→ **About this task**
Below are some records. Return exactly the lines from the one with "Vászonkép Japanese Temple Art mockup 8" to the one with "Brown Vintage Queen", and nothing else.

→ **Listed records**
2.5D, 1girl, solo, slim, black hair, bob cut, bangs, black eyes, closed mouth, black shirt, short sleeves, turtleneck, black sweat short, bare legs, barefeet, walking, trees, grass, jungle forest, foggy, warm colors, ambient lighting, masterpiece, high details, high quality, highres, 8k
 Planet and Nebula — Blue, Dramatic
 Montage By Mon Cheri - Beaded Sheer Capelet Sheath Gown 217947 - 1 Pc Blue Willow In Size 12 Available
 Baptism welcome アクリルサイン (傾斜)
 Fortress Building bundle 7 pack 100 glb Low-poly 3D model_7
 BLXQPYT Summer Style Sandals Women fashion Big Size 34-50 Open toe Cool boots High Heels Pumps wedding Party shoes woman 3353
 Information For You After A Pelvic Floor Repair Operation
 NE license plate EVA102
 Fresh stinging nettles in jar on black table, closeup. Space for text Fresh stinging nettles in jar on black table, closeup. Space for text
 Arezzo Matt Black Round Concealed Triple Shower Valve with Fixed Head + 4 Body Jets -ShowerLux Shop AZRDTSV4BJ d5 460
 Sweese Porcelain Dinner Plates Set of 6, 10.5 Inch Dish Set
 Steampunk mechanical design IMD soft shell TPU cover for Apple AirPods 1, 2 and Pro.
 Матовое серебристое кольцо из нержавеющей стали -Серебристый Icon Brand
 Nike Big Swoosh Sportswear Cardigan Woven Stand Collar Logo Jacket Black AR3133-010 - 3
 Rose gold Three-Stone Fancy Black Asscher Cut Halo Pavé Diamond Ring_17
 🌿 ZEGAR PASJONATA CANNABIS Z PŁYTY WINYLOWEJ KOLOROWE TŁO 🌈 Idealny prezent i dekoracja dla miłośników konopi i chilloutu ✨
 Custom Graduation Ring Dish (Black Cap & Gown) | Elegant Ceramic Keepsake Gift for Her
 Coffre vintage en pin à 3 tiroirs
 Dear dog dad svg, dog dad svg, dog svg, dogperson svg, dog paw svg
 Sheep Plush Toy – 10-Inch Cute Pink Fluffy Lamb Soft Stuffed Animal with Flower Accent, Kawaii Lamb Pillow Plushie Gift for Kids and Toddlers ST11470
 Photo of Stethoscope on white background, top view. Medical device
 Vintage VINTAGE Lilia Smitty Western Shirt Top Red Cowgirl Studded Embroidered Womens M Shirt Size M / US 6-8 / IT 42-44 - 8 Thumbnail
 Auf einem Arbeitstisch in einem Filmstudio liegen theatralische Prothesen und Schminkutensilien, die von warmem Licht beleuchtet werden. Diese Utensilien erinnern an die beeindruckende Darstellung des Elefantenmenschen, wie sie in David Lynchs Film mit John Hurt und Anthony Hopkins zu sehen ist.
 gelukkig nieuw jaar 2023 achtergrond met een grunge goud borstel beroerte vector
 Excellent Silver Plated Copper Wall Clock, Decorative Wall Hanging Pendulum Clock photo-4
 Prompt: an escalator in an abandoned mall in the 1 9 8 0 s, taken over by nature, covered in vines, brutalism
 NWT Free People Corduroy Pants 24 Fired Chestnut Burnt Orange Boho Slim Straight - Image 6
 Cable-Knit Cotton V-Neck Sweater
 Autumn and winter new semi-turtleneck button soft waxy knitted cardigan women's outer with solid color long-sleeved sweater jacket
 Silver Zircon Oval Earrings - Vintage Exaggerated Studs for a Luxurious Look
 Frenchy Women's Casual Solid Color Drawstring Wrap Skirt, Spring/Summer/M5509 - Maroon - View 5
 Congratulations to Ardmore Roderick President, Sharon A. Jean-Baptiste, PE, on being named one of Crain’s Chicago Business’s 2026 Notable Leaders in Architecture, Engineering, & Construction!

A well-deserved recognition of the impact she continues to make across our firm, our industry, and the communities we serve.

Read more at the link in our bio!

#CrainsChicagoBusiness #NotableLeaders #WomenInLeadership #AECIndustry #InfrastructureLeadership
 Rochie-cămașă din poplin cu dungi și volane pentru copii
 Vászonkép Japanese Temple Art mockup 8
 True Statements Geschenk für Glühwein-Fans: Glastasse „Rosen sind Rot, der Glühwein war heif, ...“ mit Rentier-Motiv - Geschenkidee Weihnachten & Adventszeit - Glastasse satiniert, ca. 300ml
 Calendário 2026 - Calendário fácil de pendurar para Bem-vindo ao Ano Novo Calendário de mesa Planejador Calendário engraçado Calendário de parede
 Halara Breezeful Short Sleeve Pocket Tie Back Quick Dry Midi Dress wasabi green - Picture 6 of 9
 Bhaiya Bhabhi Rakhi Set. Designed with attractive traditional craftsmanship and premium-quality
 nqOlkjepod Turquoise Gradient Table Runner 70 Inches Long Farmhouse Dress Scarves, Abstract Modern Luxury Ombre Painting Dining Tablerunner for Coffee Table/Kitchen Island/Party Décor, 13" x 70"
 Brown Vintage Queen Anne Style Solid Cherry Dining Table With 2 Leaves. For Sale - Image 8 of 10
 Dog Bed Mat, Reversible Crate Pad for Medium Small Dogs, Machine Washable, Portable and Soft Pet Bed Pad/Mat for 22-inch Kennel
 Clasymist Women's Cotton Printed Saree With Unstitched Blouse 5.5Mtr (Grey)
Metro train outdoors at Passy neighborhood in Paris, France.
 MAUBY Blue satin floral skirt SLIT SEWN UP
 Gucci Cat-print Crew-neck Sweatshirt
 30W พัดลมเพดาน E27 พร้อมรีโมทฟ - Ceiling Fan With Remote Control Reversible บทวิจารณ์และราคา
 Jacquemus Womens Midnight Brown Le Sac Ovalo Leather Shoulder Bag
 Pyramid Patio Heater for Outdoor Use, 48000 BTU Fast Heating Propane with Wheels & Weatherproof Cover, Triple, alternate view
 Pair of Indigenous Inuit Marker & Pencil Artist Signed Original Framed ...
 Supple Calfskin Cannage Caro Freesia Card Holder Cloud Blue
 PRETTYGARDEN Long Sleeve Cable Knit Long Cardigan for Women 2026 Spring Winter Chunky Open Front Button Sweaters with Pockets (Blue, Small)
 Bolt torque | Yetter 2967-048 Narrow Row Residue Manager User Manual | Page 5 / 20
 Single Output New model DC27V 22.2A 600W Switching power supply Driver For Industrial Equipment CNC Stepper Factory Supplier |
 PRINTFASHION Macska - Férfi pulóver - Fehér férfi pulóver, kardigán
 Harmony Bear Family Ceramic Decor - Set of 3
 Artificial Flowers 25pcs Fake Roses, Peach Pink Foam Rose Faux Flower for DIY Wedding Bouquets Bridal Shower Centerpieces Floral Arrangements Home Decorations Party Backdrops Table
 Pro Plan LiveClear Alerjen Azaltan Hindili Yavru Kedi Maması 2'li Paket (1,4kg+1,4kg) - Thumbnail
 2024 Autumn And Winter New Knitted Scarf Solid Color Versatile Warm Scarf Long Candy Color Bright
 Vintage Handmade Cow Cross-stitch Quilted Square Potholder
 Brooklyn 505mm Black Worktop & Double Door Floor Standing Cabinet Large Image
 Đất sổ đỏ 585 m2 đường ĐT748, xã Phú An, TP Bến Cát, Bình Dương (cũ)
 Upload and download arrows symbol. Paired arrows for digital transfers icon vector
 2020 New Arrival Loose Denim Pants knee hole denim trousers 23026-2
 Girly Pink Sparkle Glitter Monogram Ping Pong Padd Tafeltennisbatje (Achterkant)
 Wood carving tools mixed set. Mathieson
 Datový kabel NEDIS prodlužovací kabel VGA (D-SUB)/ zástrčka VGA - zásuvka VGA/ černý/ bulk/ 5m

→ **Result**
 Vászonkép Japanese Temple Art mockup 8
 True Statements Geschenk für Glühwein-Fans: Glastasse „Rosen sind Rot, der Glühwein war heif, ...“ mit Rentier-Motiv - Geschenkidee Weihnachten & Adventszeit - Glastasse satiniert, ca. 300ml
 Calendário 2026 - Calendário fácil de pendurar para Bem-vindo ao Ano Novo Calendário de mesa Planejador Calendário engraçado Calendário de parede
 Halara Breezeful Short Sleeve Pocket Tie Back Quick Dry Midi Dress wasabi green - Picture 6 of 9
 Bhaiya Bhabhi Rakhi Set. Designed with attractive traditional craftsmanship and premium-quality
 nqOlkjepod Turquoise Gradient Table Runner 70 Inches Long Farmhouse Dress Scarves, Abstract Modern Luxury Ombre Painting Dining Tablerunner for Coffee Table/Kitchen Island/Party Décor, 13" x 70"
 Brown Vintage Queen Anne Style Solid Cherry Dining Table With 2 Leaves. For Sale - Image 8 of 10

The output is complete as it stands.